The undergraduate student government’s Election Board chair might face dismissal after proposing amendments to the election code that some council members claim violate the First Amendment.
The Undergraduate Students Association Council sent Election Board Chair Jack Price a letter Thursday informing him of a formal hearing Tuesday to review his performance and make a decision on whether to remove him from his position.
The hearing follows an amendment the election board proposed March 1 that would increase independent candidates’ spending cap by $200. The election code states candidates running for executive positions are allowed to spend around $900, and nonexecutive position candidates can spend around $700. USAC President Arielle Yael Mokhtarzadeh said the proposed amendment would be a violation of students’ constitutional right to free association because it would disincentivize students from joining slates, which are campus political parties.
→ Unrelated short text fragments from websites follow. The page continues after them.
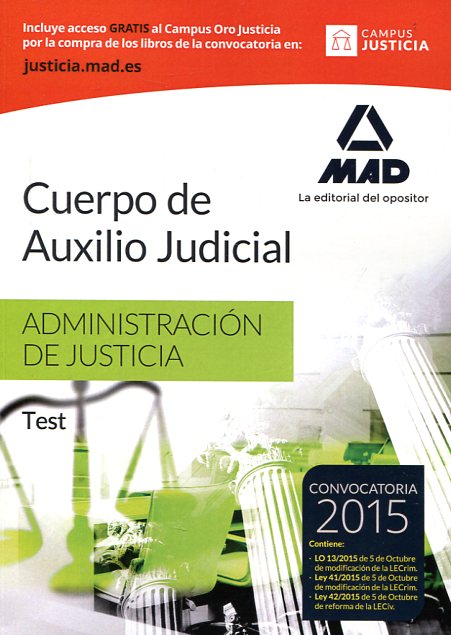 Cuerpo de auxilio judicial de la Administración de Justicia. Test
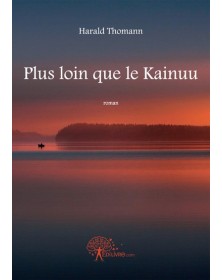 Plus loin que le Kainuu -...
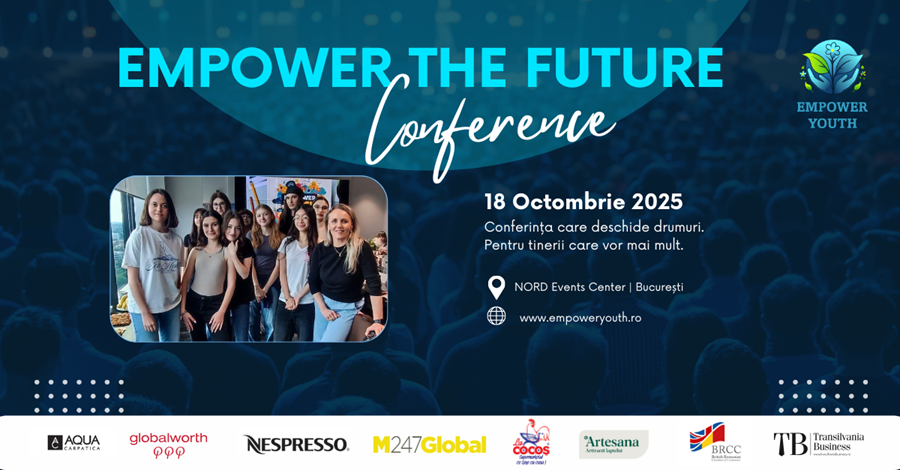 Conferința „EMPOWER the FUTURE”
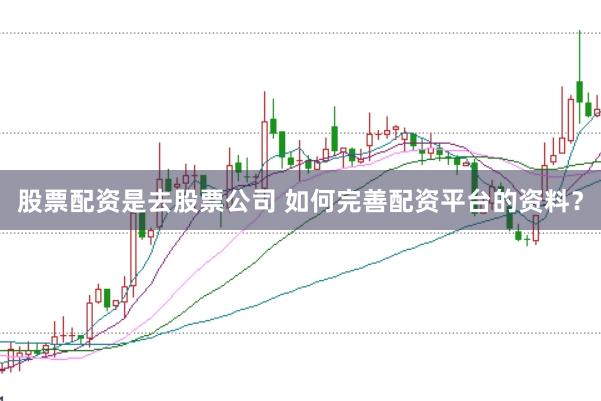 股票配资是去股票公司 如何完善配资平台的资料？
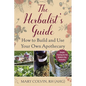 The Herbalist's Guide: How to Build and Use Your Own Apothecary - Paperback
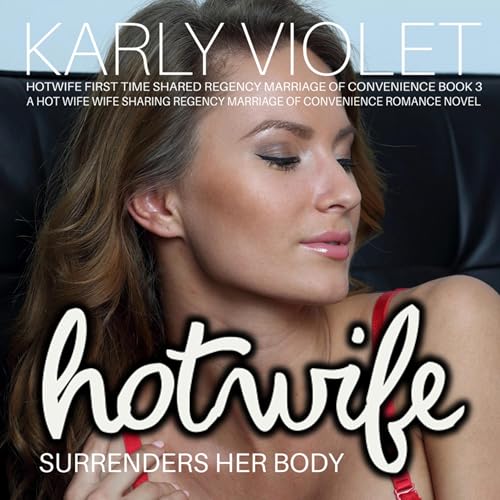 Cover of Hotwife Surrenders Her Body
“In bringing forth a policy that clearly and explicitly violates students’ rights, (Price) is in violation of the USAC bylaws and his duties as an election board chair,” Mokhtarzadeh said.
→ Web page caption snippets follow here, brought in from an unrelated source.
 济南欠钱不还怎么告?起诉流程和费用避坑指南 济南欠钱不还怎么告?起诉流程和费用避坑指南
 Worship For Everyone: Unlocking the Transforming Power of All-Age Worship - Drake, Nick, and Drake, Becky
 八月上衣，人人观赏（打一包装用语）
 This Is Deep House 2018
At Tuesday’s USAC meeting, Price presented a revised version of the proposed amendments that did not include the $200 spending cap increase for independent candidates. However, Mokhtarzadeh said the council still made additional recommendations to the proposal, such as equally dividing the costs of slates’ campaign material among all their candidates.
“(The revisions) did address the issues; however, the election board had not done their due diligence,” Mokhtarzadeh said. “We as a council spent an hour and a half trying to fix the election code, which is not appropriate for us to do.”
Mokhtarzadeh said she does not think it was the council’s role to have made additional recommendations since the election board is supposed to serve as the neutral advisor on election issues.
In the letter Mokhtarzdeh sent Price informing him of the hearing, she said Price violated several of his obligations, including maintaining impartiality and ensuring his duties are carried out under the USAC constitution and bylaws.
Price, who chose to have the hearing made public, said he plans to address these allegations during the hearing. He added he thinks the board serves as an impartial advisor that brings all proposals to the council.
“The election board is made up of seven folks and we disagree with what is the best and impartial way to do things,” Price said. “We all wanted to be equitable but there were differences in how to make that happen and I wanted to make sure I brought all proposals to the council.”
He said he brought the proposed amendments to the council to start a discussion and ensure a fair election.
“Even though council didn’t cast a vote on the election board amendments, they discussed them, worked around them and they gave their opinions on them,” Price said. “That’s a conversation that has started successfully and is continuing to move forward.”
USAC Academic Affairs Commissioner Divya Sharma said he thinks the council should be more lenient and understanding of Price and other students in leadership positions.
“It’s unfair to say we’re taking a leadership position away because they didn’t comply with one or two things council said,” Sharma said. “(The council) is the last to vote on this code so if it’s not the way we want, we can change it.”
Sharma added he thinks Price, who was appointed in November, did not have enough time to review the election code before submitting recommendations. He added the bylaws required Mokhtarzadeh to appoint an election board chair by week one of fall quarter.
“(Mokhtarzadeh) appointed him in November, far later than the week one deadline,” Sharma said. “(Price) was appointed 10 weeks ago and he was basically forced to look through the entire code.”
Price said he does not think the hearing will cause any delays in the upcoming election.
Price acknowledged his original proposal may not have been perfect, but he said he is working toward coming to an agreement with the council on the rules in time for the election.
“The first set of recommendations we sent was not up to par but I’ve learned from it personally,” Price said.